Warrant Issued for Anti-Coalition Cleric's Arrest
By Jim Garamone
AFPS
April 5,
2004 – An Iraqi judge has issued a warrant for the arrest
of anti-coalition Shiite leader Muqtada al-Sadr in connection
with the death of Ayatollah Sayed al Khoei last year, coalition
authorities revealed today.
Iraqi police
have arrested Mustapha Yacoubi for his involvement in the same
murder and have him in custody, said Dan Senor, coalition spokesman,
during a briefing in Baghdad.
Khoei, a leading
Shiia cleric and human rights advocate, was stabbed and shot outside
a mosque in Karbala last year. A total of 13 Iraqis have been
arrested in connection with the murder, and 12 more suspects,
including Sadr, still are at large.
The arrest
of Yacoubi and the warrant for the arrest of Sadr show that "the
Iraqi people want elections, not mob violence, to determine who
will rule Iraq," Senor said.
Coalition
military spokesman Army Brig. Gen. Mark Kimmitt said that the
coalition is accelerating its offensive operations to kill or
capture anti- coalition elements and enemies of the Iraqi people.
He said Marines and Iraqi forces initiated Operation Vigilant
Resolve to confront anti-coalition and anti-Iraqi elements in
the Fallujah area.
The force,
now numbering 1,300, has surrounded the city and is regulating
passage into and out of the city. The coalition has imposed a
curfew of 7 p.m. to 6 a.m. "These are the first of a series
of actions to attack anti-coalition and anti-Iraqi forces and
to re-establish security in Fallujah," Kimmitt said. On March
31, insurgents in that city killed four American security experts.
A mob burned and mutilated their bodies.
Kimmitt also
gave a rundown of the coalition's response to the latest spike
in violence in the country. "In the past 24 hours we conducted
1,566 patrols, 10 offensive operations, 18 raids and captured
42 anti-coalition suspects," he said. The operations were
not without cost, as a total of 12 soldiers and Marines were killed
in action since April 3.
Most of those
killed were in central and southern Iraq, as demonstrations encouraged
by Muqtada al-Sadr turned violent. Kimmitt said members of Sadr's
militia -- the Mahdi Army -- incited violence against the coalition
and Iraqi forces. There was violence in Baghdad, Najaf, Nasiriyah,
Basra and Amarah. The general said all areas are calmer today,
with peaceful demonstrations being staged in Basra, Najaf and
Kut.
Kimmitt said
the coalition will focus more attention on Sadr's Mahdi Army.
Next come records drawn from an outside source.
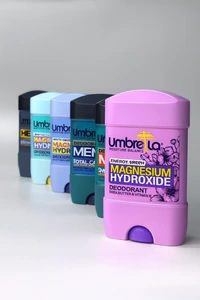 تصویر فروشگاه مهدی اراشاین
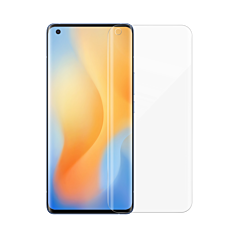 vivo x50 pro 5g screen protector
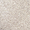 Reef Cream 8" Hexagon Polished Pearl Terrazzo Tile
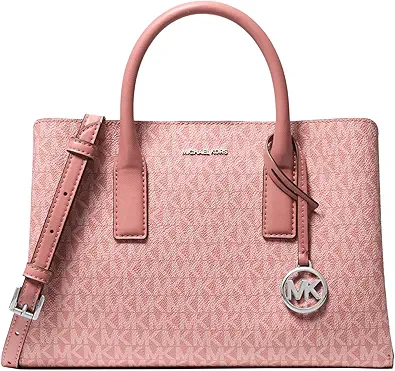 Michael Kors Ruthie Small Satchel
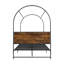 Metal Bed-103841748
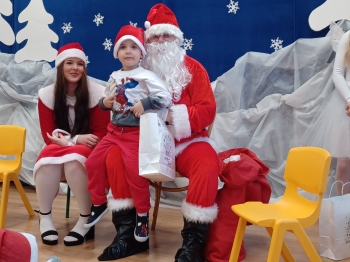 WhatsApp Image 2025-12-08 at 19.08.28 (18).jpeg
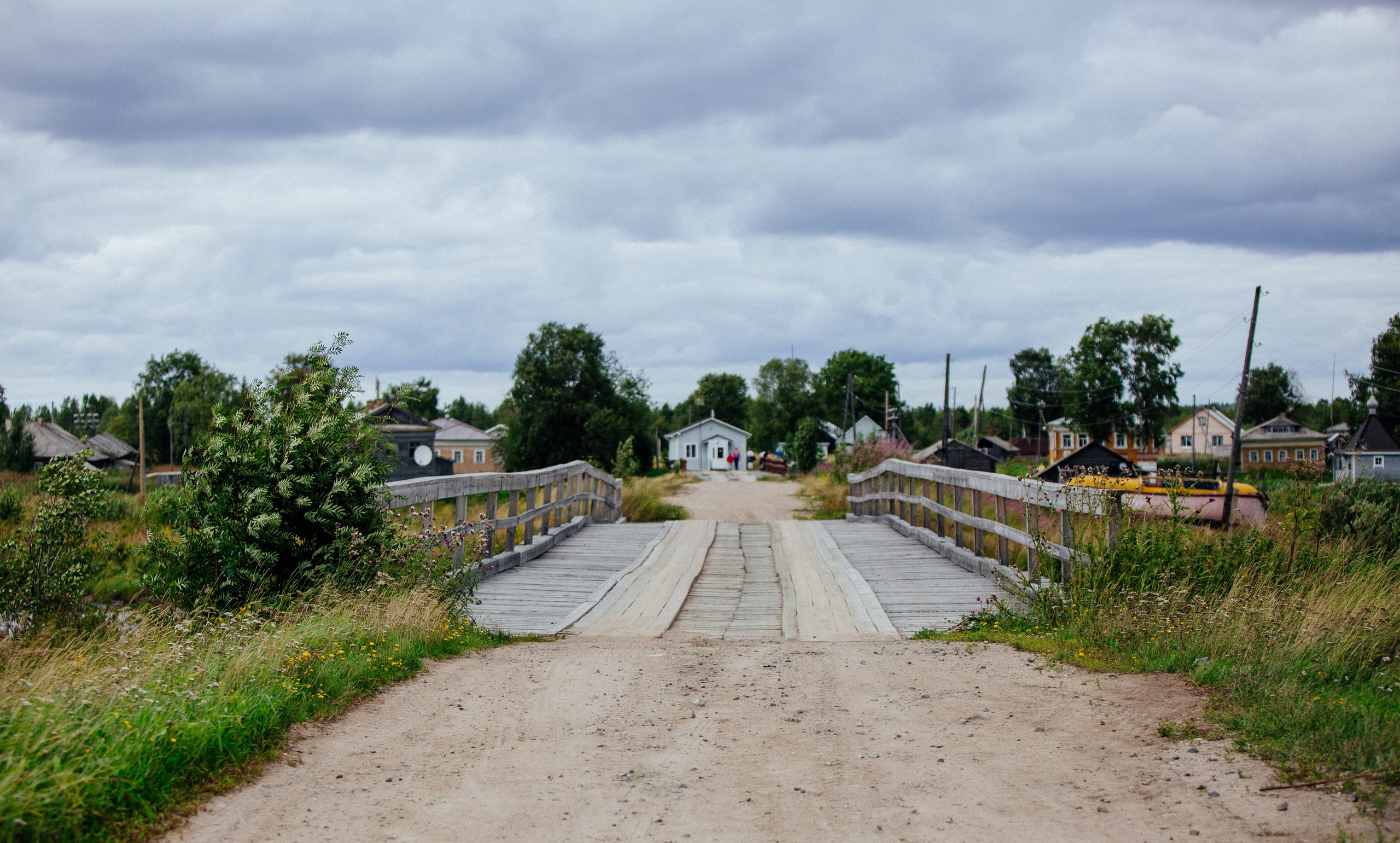 СЕЛО КОЛЕЖМА. Создание контента | Фото | Видеосъемка | Александр Ярков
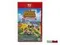 NSW2 Animal Crossing: New Horizons (Новый, Полностью на русском языке)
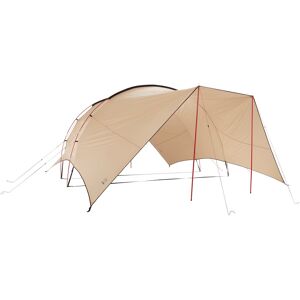 Tarp-Zelt GRAND CANYON 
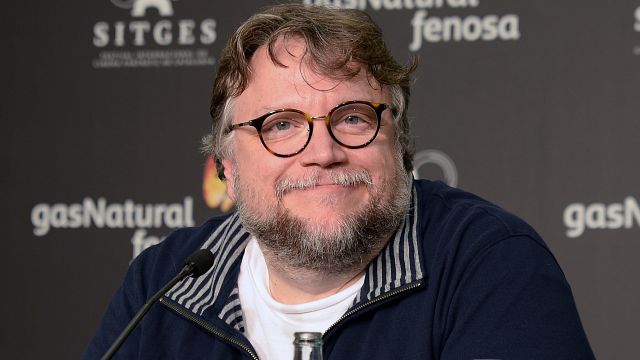 "Nuestras diferencias nos hacen humanos": Guillermo del Toro y el mensaje conmovedor sobre 'Frankenstein' noticias imagen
He said the coalition believes militias are inconsistent with
a democratic and sovereign nation with a central government. "We
are particularly focused upon militias that start attacking coalition
forces, start attacking Iraqi forces, start attacking Iraqi civilians,"
he said. "The actions of the Mahdi Army over the past 48
hours (are) clearly inconsistent with a safe and secure environment.
"Individuals
who create violence, who incite violence, who execute violence
against persons inside of Iraq will be hunted down and captured
or killed," he continued. "It is that simple."
Kimmitt said
the coalition forces are responsive to the levels of violence
in Iraq because the coalition has an obligation to establish and
maintain a safe and secure environment. "We have forces that
are absolutely capable, 100 percent of the time, to be in a mode
of fixing schools, fixing sewers, fixing health clinics. That's
what our soldiers would like to be doing. That's what our Marines
would like to be doing," he said.
"But
their first and foremost responsibility is for safety and security
in Iraq," he continued. "And when that safety and security
is threatened, is challenged, and violence is incited, and violence
is executed, those same soldiers and those same Marines are capable
of putting down their paintbrushes and picking up their weapons
to defend the people of Iraq and to ensure that the process of
taking this country to democracy and sovereignty will not be impeded."